Neither Anthony Hernandez or Charlie Ontiveros managed to last long enough to do much of anything against Holland. Joaquin Buckley is a boxer through and through. Darren Stewart is primarily a striker as well, but still took Holland down three times in his decision defeat. And Ronaldo “Jacare” Souza took Holland down twice in less than two minutes before Holland pulled a rabbit out of his hat by knocking him out from bottom position.

Holland is far from the first fighter to face Derek Brunson and get taken down a bunch. It’s one of the things Brunson’s best at, and he’s relied on it more and more during his excellent recent run: the Holland fight was his fourth straight landing multiple takedowns. Holland is long, wiry and skinny, and Brunson is a muscular powerhouse. And while we wanted to see Holland work harder to get up from the bottom, why don’t you let Derek Brunson take you down, and try to get back up?

We didn’t learn anything we didn’t already know – the Brunson fight just put this gaping hole in Holland’s game in sharper perspective, putting it on the radar less as a “potential pitfall” into more of a “fatal flaw” type territory. This wasn’t even the first time Holland had been taken down six times in a UFC fight: Gerald Meerschaert got him down six times in March 2019, in a fight Holland actually won. Thiago Santos, similarly a much larger, stronger fighter, took him down three times in Holland’s UFC debut and controlled him extensively. As previously mentioned, Stewart took him down three times last September.

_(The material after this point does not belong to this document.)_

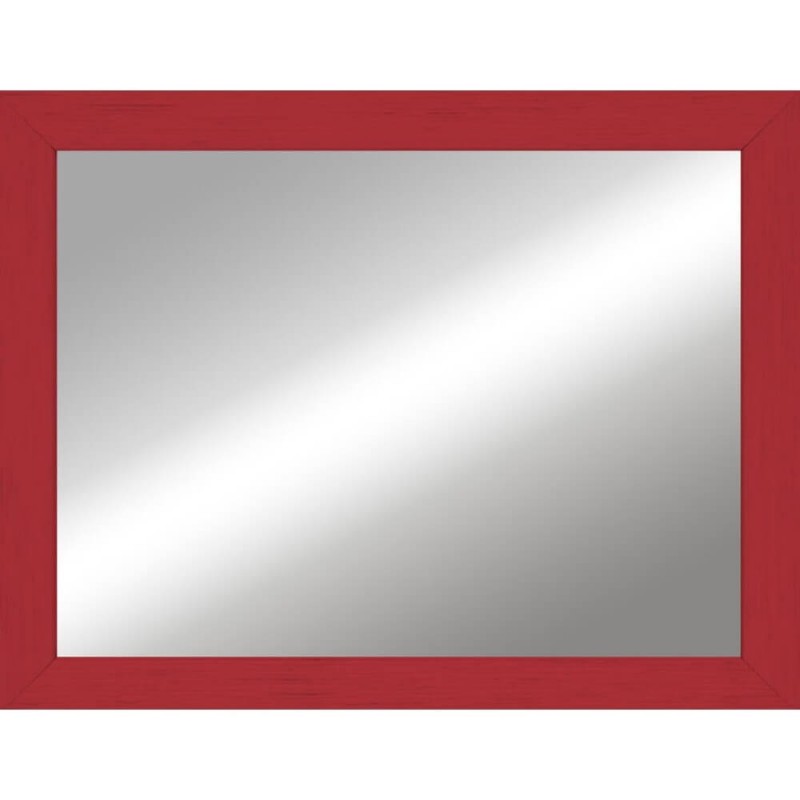 Miroir rouge cerise en bois 45x55 Miroir rouge cerise en bois 45x55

Jacare, Brendan Allen and Alessio Di Chirico have also landed multiple takedowns against Holland in the UFC.

But Holland’s running monologue, his class clown manner and his constant smile rankle some in defeat. To them, it’s a sign that he isn’t giving the sport the seriousness it deserves. To which I answer: who gives a shit? If it’s entertaining, isn’t that what matters? Kevin Holland talks all night no matter what happens. When he was winning, it was part of what made him a star in the making. Now that it happened in a loss, all of a sudden it’s a problem.

This is who Kevin Holland is. He’s a jokester who doesn’t have an off switch. It’s just now, all of a sudden, he’s built himself some hype. There are more expectations and more eyes. And with more eyes comes more criticism. But if Kevin Holland changes that part of himself, then you don’t have Kevin Holland anymore. You have a completely different fighter, perhaps for good, perhaps for ill.

Kevin Holland doesn’t need to change anything about himself to succeed in the UFC. He’s done pretty well as the jokester he is. He needs to change one thing, however: learn how to stop a takedown. Doing that is going to have more of a positive effect on his career than scowling and pretending to be serious.